The next phase will build upon that experience to transform a pricey, highly customized packaging architecture into one that is geared toward high volume. While performance and power still will be key elements, the next phase will focus much more on pushing prices down and reliability up.

“A couple of years ago companies started looking at the performance of stacked die but they couldn’t overcome the BOM (bill of materials) cost,” said Brandon Wang, engineering group director at Cadence. “We’re now seeing production chips, and that’s having an impact on the rest of the industry. We’ve already seen the move of high-speed switching datacom industry to 3D from the end of last year to this year. So we’ve got the performance category, which includes supercomputing, datacom and gaming all moving there.”

And over the next half decade, there is talk across the semiconductor industry that 2.5D packaging will become a mainstay for the Internet of Things, where the real value is the ability to quickly package standard parts and IP, regardless of which process technology was used to develop them, to fit customized applications.

“This is the second category that will benefit from this,” said Wang. “It will be wafer-level packaging and it will connect a few thousand nodes (I/O’s for cross-package signals). From the design side, the first category involved designing the whole SoC. The second category will take existing designs, whether it’s a 180nm PLL or an ADC, and shrink the PCB into the package. That will also minimize risk and add flexibility because you can source from different vendors. The third category will be where low power and scalability are the true selling points.”

The key to this riddle won’t be changing the packaging or the components. It’s having enough of those components available to integrate into a system, and if they don’t all have to be integrated onto the same die then vendors can take a 90nm analog sensor, mix it with a 28nm microcontroller, and connect it all to a memory block using an interposer or some other low-cost connector.

This will take some time, of course. But the first inklings that this will even be possible are beginning to show up on the market in real products.

High-bandwidth memory
One of the key pieces that was missing until late last year is high-bandwidth memory (HBM), which is now available from SK Hynix, with others reportedly working on similar solutions. HBM is a multi-layer DRAM that adds connections for thousands of I/Os using through-silicon vias. The first version provides up to 128GB per second bandwidth using a four-chip stack. The next version, HBM 2.0, will provide up to 256GB per second.

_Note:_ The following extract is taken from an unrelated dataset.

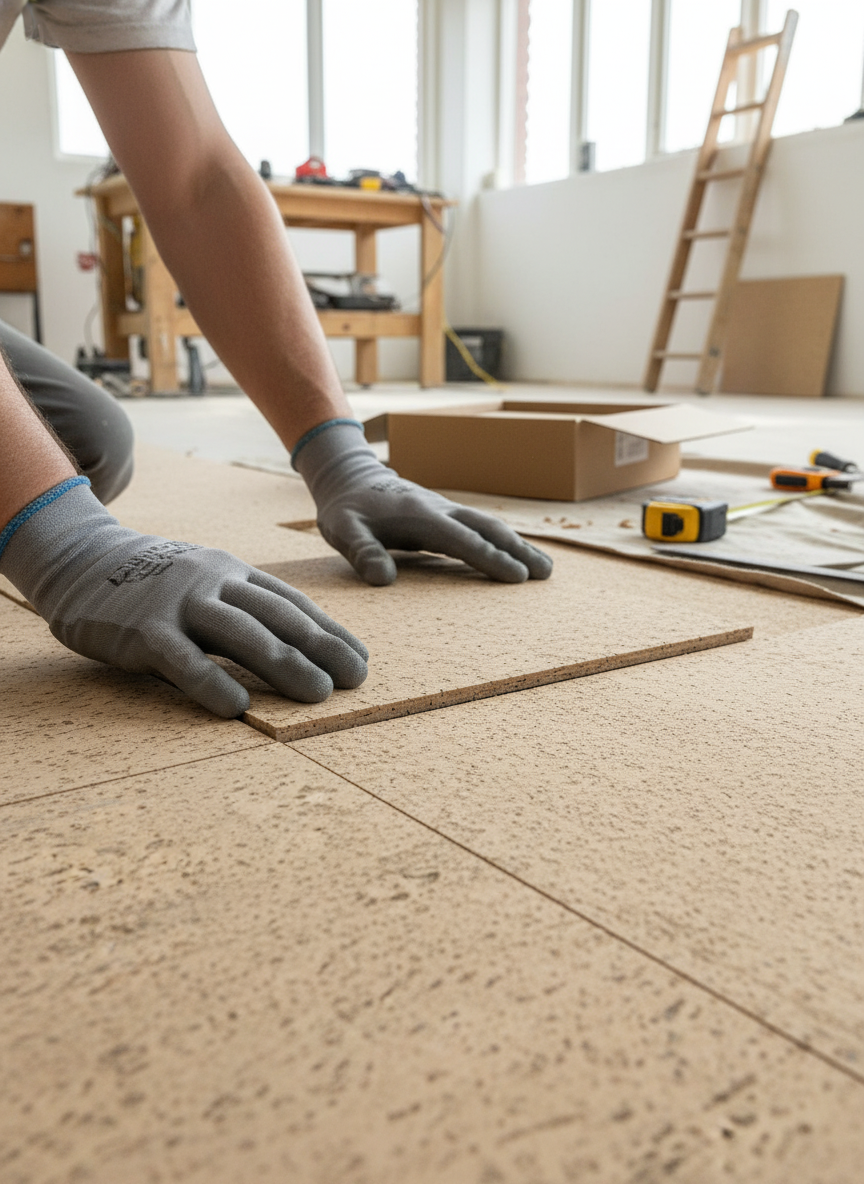 Person fitting Premium Natural Cork Flooring in Squared Cream tiles on subfloor, surrounded by tools. These 600mm x 300mm, 4mm thick tiles offer sound insulation and comfort, ideal for residential noise reduction.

“We did the math, and that’s about 32 times the bandwidth of LPDDR3,” said Loren Shalinsky, strategic development director at Rambus. “HBM has been touted more of a graphics DDR replacement, but you’re also going to see a pickup in the data center and networking.”

HBM is fast enough that it can function like an L4 cache. Unlike a dual inline memory module (DIMM), at this point it doesn’t have the flexibility in terms of amount of memory needed for a particular task, so it can’t be upgraded or migrate to the next version. “The advantage is that it is more power efficient, partly because of the way it is integrated,” said Shalinsky. “You also can use a relatively lower speed connection (using multiple requests at the same time), and you get a benefit at the system level on the power needed to drive signals because of the shorter channel and fewer connectors.”

Tools and challenges
HBM has another benefit, as well. It is the first standard to allow design across multiple dies using a conventional design methodology, noted Cadence’s Wang.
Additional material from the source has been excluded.